Increasing the max depth will lead to longer training times, so it's better to do it only when necessary.

If increasing the depth of trees does not lead to overfitting, it means that there is a lot of important information to extract from the data; In this case, it might be usefulto stop tuning and try to generate new features.

**Subsmaple**

Reducing the fraction of objects to use for each tree might reduce overfitting. It's akin to a regularization parameter.


**Learning Rate**

Large learning rates will lead the model to fit faster but is prone to overfitting. And a learning rate that is to large will not converge so the model won't fit. Smaller learning rates lead to less overfitting but a learning rate that is too small will learn nothing even after many rounds.

We can start by using a relatively small learning rate, say 0.1 or 0.01, and use early stopping to find the number of iterations it takes for the model to overfit. We can then divide the learning rate and multiply the number of rounds by the same amount to improve the model's performance.


Contrary to GBDT that build trees one after the other, Random Forests build trees independently. It means that having many trees does not lead to overfitting.
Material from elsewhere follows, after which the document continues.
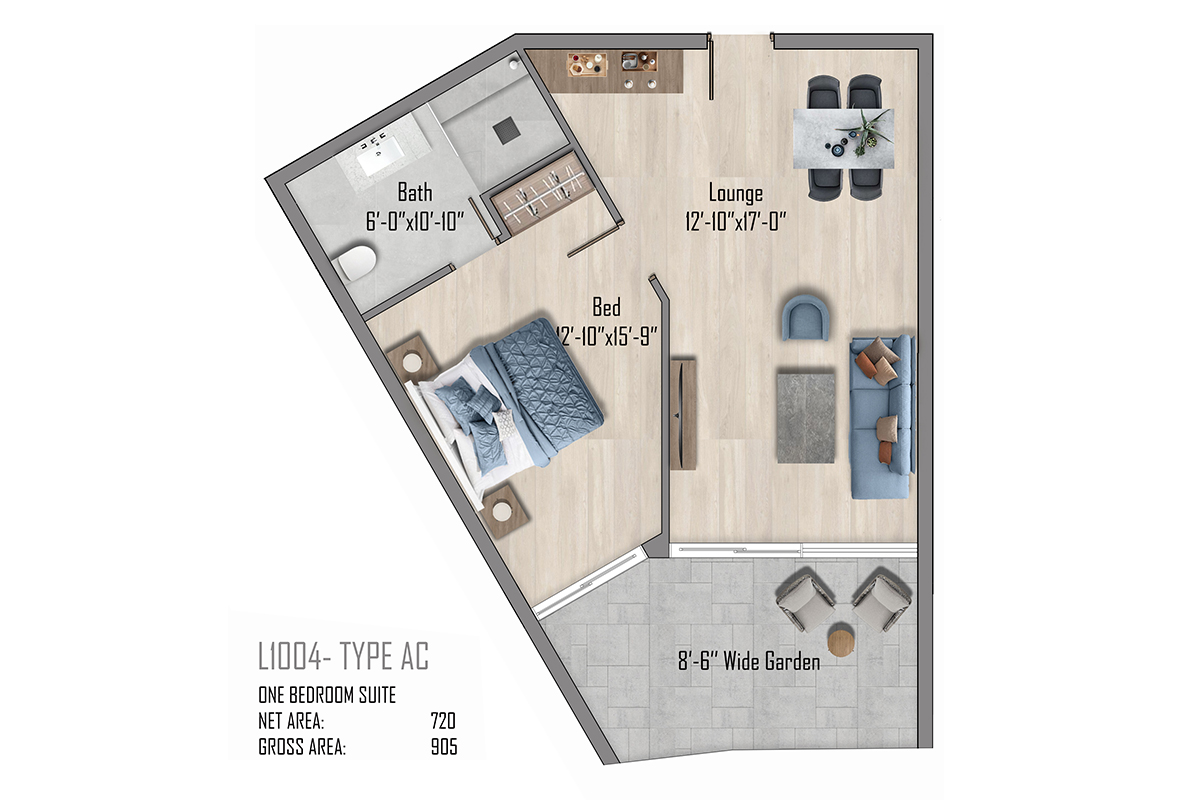 L-1004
So the first step is to identify the number of trees (N_estimators) that is sufficient for the problem at hand. 

Additional resources:
+ [Tuning the hyper-parameters of an estimator (sklearn)](http://scikit-learn.org/stable/modules/grid_search.html).
+ [Optimizing hyperparameters with hyperopt](http://fastml.com/optimizing-hyperparams-with-hyperopt).
+ [Complete Guide to Parameter Tuning in Gradient Boosting (GBM) in Python](https://www.analyticsvidhya.com/blog/2016/02/complete-guide-parameter-tuning-gradient-boosting-gbm-python/).


## III.2. Neural Nets

**Layers & Neurons**

Increasing the number of neurons per layer increases allows the network to learn more complex decision boundaries; it risks overfitting. The same will happen when increasing the number of layers, with the additional risk of having the learning fail to converge. 


**Optimization Method**

Selecting an optimization method is often crucial:

+ Stochastic Gradient Descent (SGD) with momentum. Converges slower but less risks of overfitting.
+ Adaptive methods: Adam, Adagrad, Adadelta... Converges faster but more risks of overfitting. 


**Batch Size**

Large batch sizes typically lead to more overfitting. A good rule of thumb is to start with either 32 or 64, then reduce the batch size if the model still overfits. 

Note that:
+ too small batch sizes lead to the gradient being too noisy.
+ for the same number of epochs, a model with a smaller batch size is updated more often, which makes it take longer to train.

**Learning Rate**

If the learning rate too high, the network will never converge and if it's too small, it will take forever to learn. A good approach is to start with a very high learning rate like 0.1, then slowly decrease it until the network starts to converge.

Batch size and learning rates are correlated: a good rule of thumb when increasing the batch size by a factor of $\alpha$ is to also increase the learning rate by the same factor.

**Regularization**

L1 and L2 methods were commonly applied to the neural networks weights, but the most common regularization method today is the dropout method. Note that applying a dropout layer just after the data layer is not recommended, as the network will lose some information completely.



## III.3. Linear Models

Support Vector Machine models require almost no tuning; the parameter C is inversely proportional to regularization weights. A good rule of thumg is to start with very small values (10e-6) then increase by a factor of 10 at each iteration (more details [here](https://stats.stackexchange.com/questions/31066/what-is-the-influence-of-c-in-svms-with-linear-kernel)). Note that training time typically increases at the value of C increases.

Linear models mostly use L1 and L2 regularization methods. A good rule of thumg is also to start with very small values. Note that L1 can be used for feature selection due to its pattern of weights scarcity.